When the vehicle is steered in situ or parked transversely, the steering control module 41 controls the steering engine 42 to drive the wheels to rotate, meanwhile, the vehicle control module 21 controls the wheel hub generator to drive the wheels to move until the wheels move to a preset position, and the brake control module 31 controls the brake motor 32 to brake the wheels.

When the vehicle body has insufficient lateral force in the steering process, the whole vehicle control module 21 controls the hub motor 22 to apply braking torque to the wheel, and meanwhile, the whole vehicle control module 21 controls the hub motor 22 to apply braking torque to the wheel through the braking control module 31.

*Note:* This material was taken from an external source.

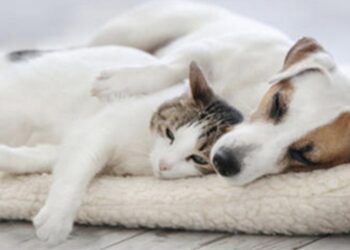 Nëna ua la pasurinë macës dhe qenit 2.2 milionë edhe pse kishte fëmijë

When the distributed four-wheel-drive pure electric platform is in a wheel locking state in the braking process, the whole vehicle control module 21 controls the braking torque provided by the wheel hub motor 22 for the wheel, and meanwhile, the braking control module 31 controls the braking torque provided by the braking motor 32 for the wheel, so that the braking force of the wheel is gradually reduced.

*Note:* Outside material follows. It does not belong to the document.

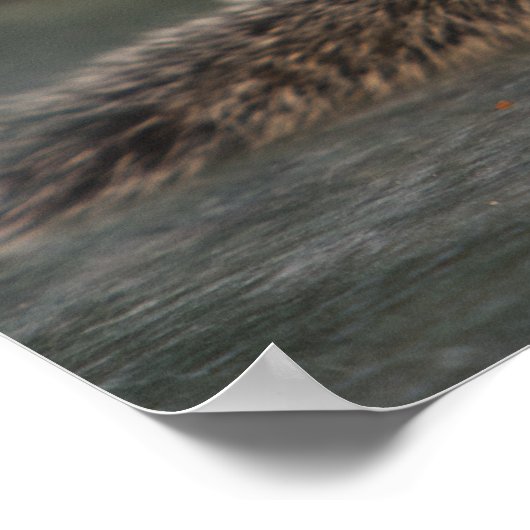 Eichhörnchen, das aus einer Kaffeetasse in Indien  Poster (Ecke)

When the distributed four-wheel-drive pure electric platform is started, the domain control module controls the hub motor 22 and the voltage regulation module 13 to be electrified at high voltage, the whole vehicle control module 21, the brake control module 31 and the steering control module 41 of the distributed four-wheel-drive pure electric platform calculate the torque, the rotating speed or the displacement of a controlled object to be realized according to input signals, then control instructions are sent to the hub motor 22, the brake motor 32 and the steering engine 42 of the controlled object, and the controlled object is realized according to the control instructions. Defining an acceleration signal as a, a deceleration signal as b and a vehicle speed as v, wherein a is greater than 0 when the domain controller sends an acceleration signal; when the domain controller sends a signal for deceleration, b < 0; when the distributed four-wheel-drive pure electric platform runs at a constant speed, delta v is 0; when the speed of the distributed four-wheel-drive pure electric platform is gradually increased, the delta v is greater than 0; when the speed of the distributed four-wheel drive pure electric platform is gradually reduced, the delta v is less than 0.

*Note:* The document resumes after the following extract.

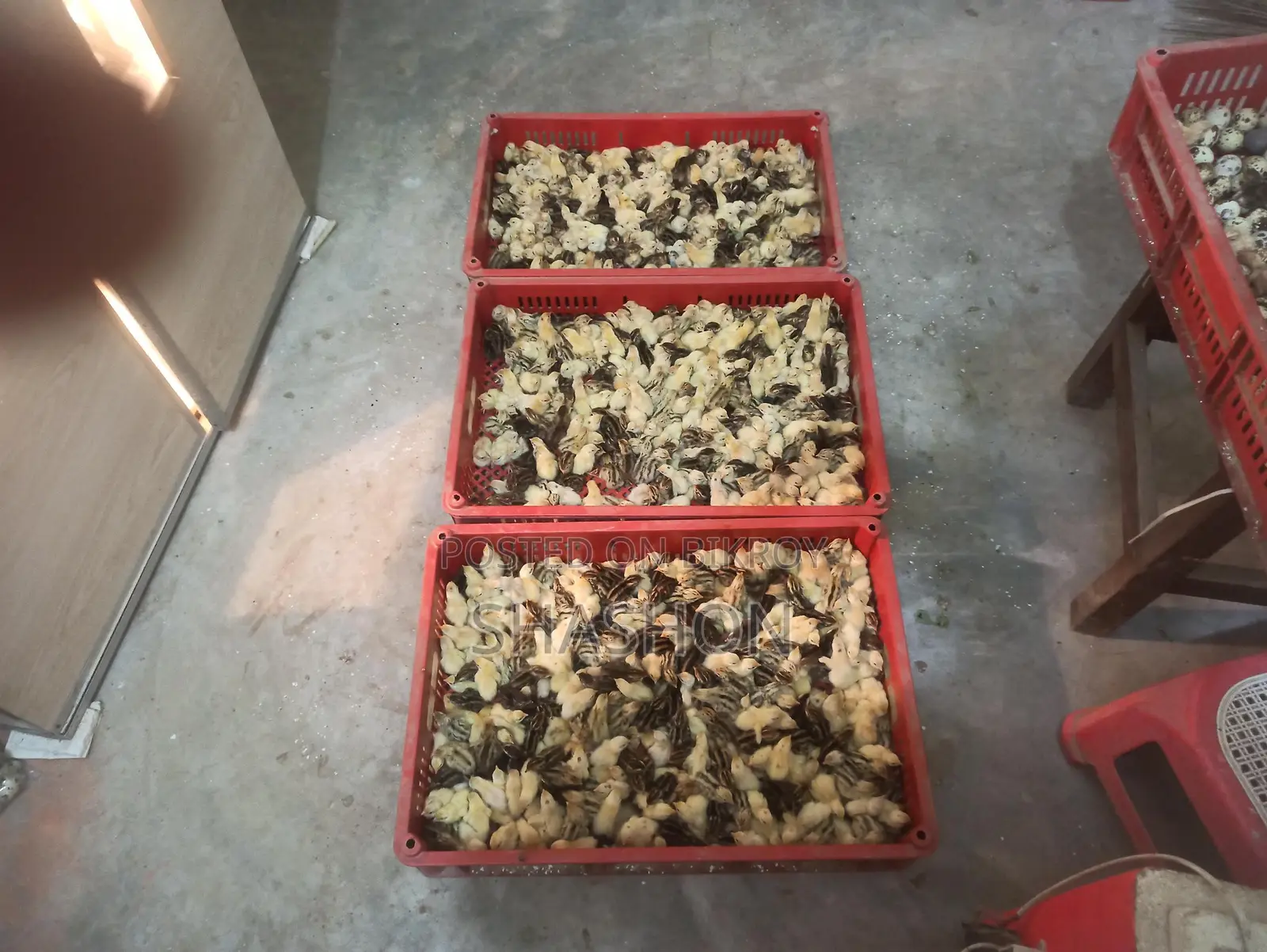 Quail chicks (0 days)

Specifically, as shown in fig. 2, when the distributed four-wheel drive electric-only platform is braked and in a parking state, a is 0, b >0, and v is 0; when the distributed four-wheel-drive pure electric platform is in an acceleration state, a is greater than 0, b is equal to 0, and delta v is greater than 0; when the distributed four-wheel-drive pure electric platform is in a uniform motion state, a is greater than 0, b is equal to 0, and delta v is equal to 0; when the distributed four-wheel-drive pure electric platform is in a sliding state, a is 0, b is 0 and delta v is less than 0; when the distributed four-wheel-drive pure electric platform is in a deceleration state, a is greater than 0, b is greater than 0, and delta v is less than 0.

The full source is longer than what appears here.